• **Work request**:
Transcribe all the data below exactly, leaving its pictures out.

• **Provided material**:
-*-
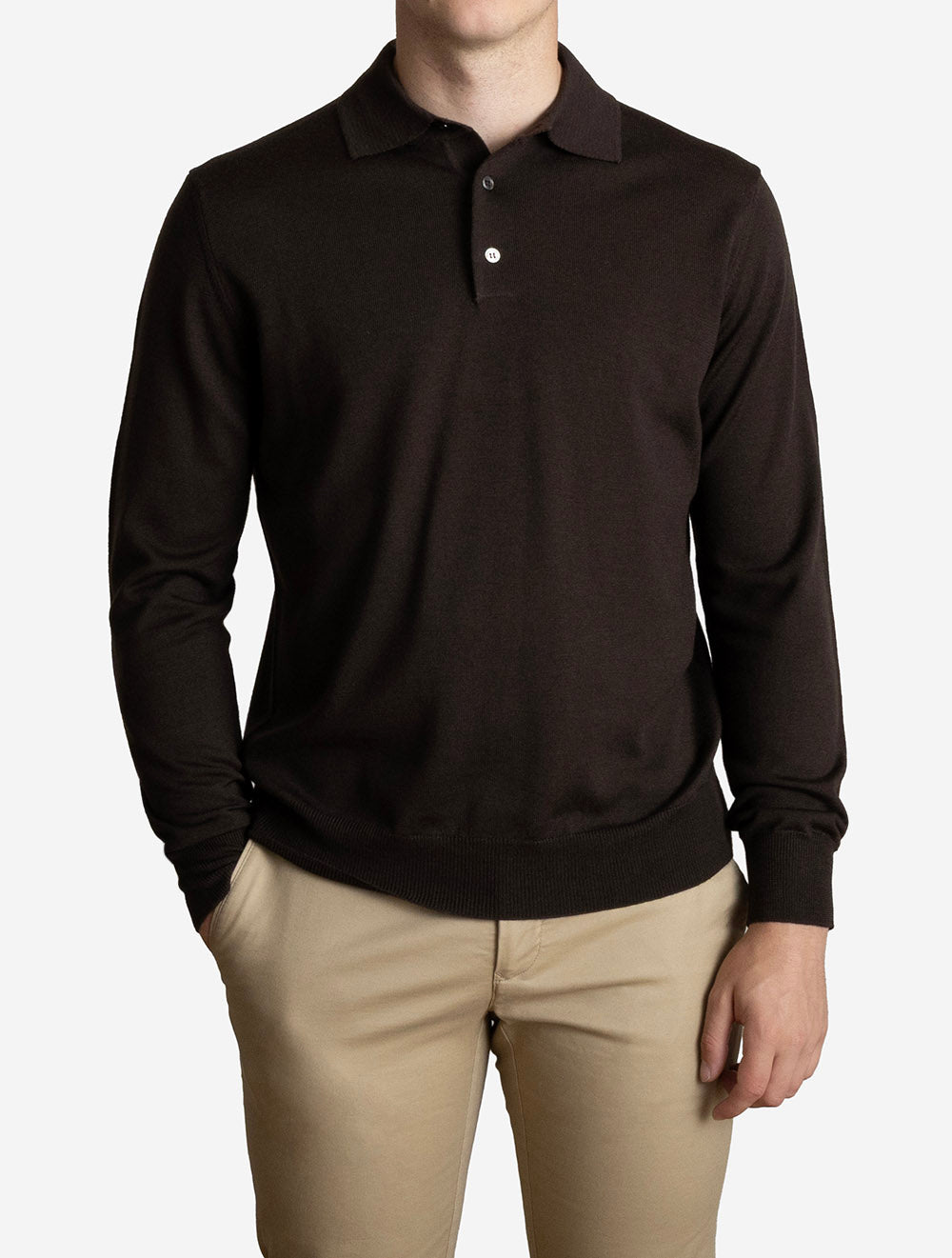 Langarm-Poloshirt aus Merinowolle, Schokolade
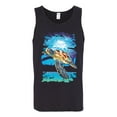 thumbnail image 2 of Swimming Sea Turtle Animal Lover Mens Graphic Tank Top, Black, Small, 2 of 3
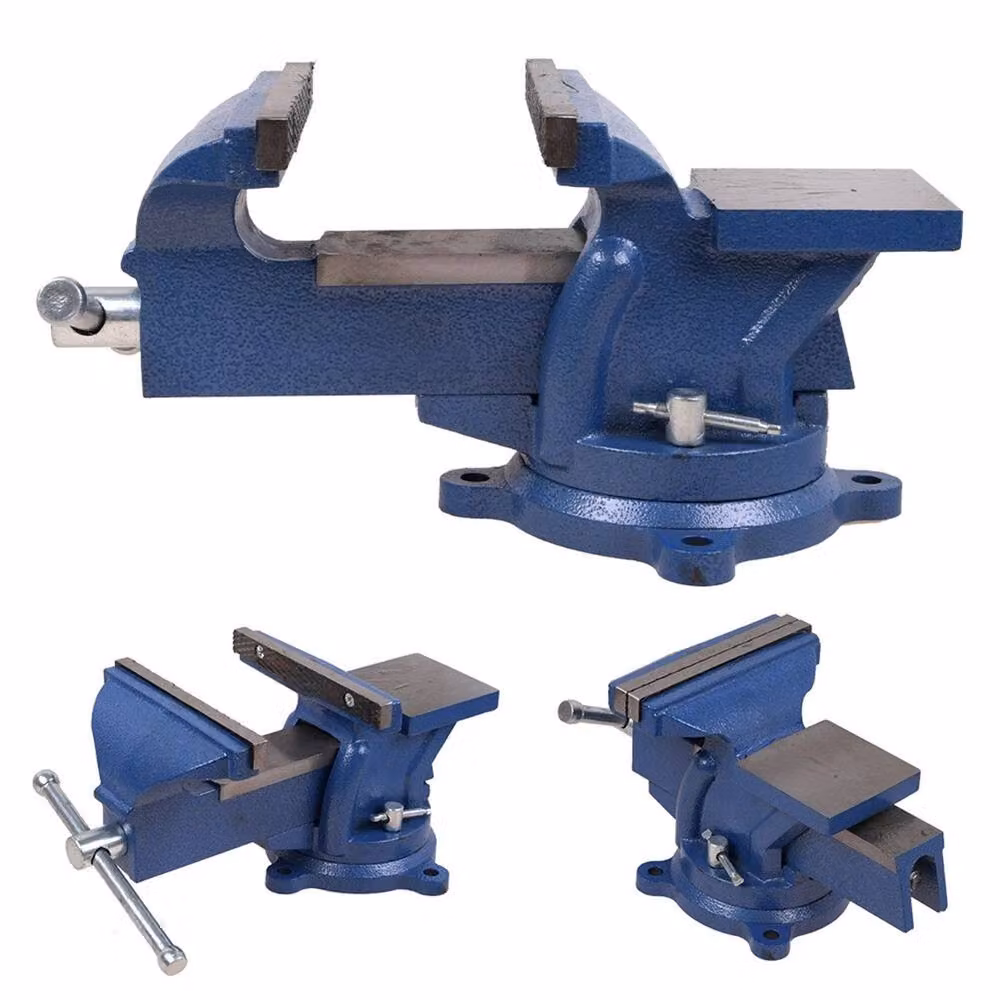 Kelvenix Heavy Duty Work Bench Vice with Swivel Base and Clamp, Blue – 6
-*-
• **Written reply**:
 Langarm-Poloshirt aus Merinowolle, Schokolade
 thumbnail image 2 of Swimming Sea Turtle Animal Lover Mens Graphic Tank Top, Black, Small, 2 of 3
 Kelvenix Heavy Duty Work Bench Vice with Swivel Base and Clamp, Blue – 6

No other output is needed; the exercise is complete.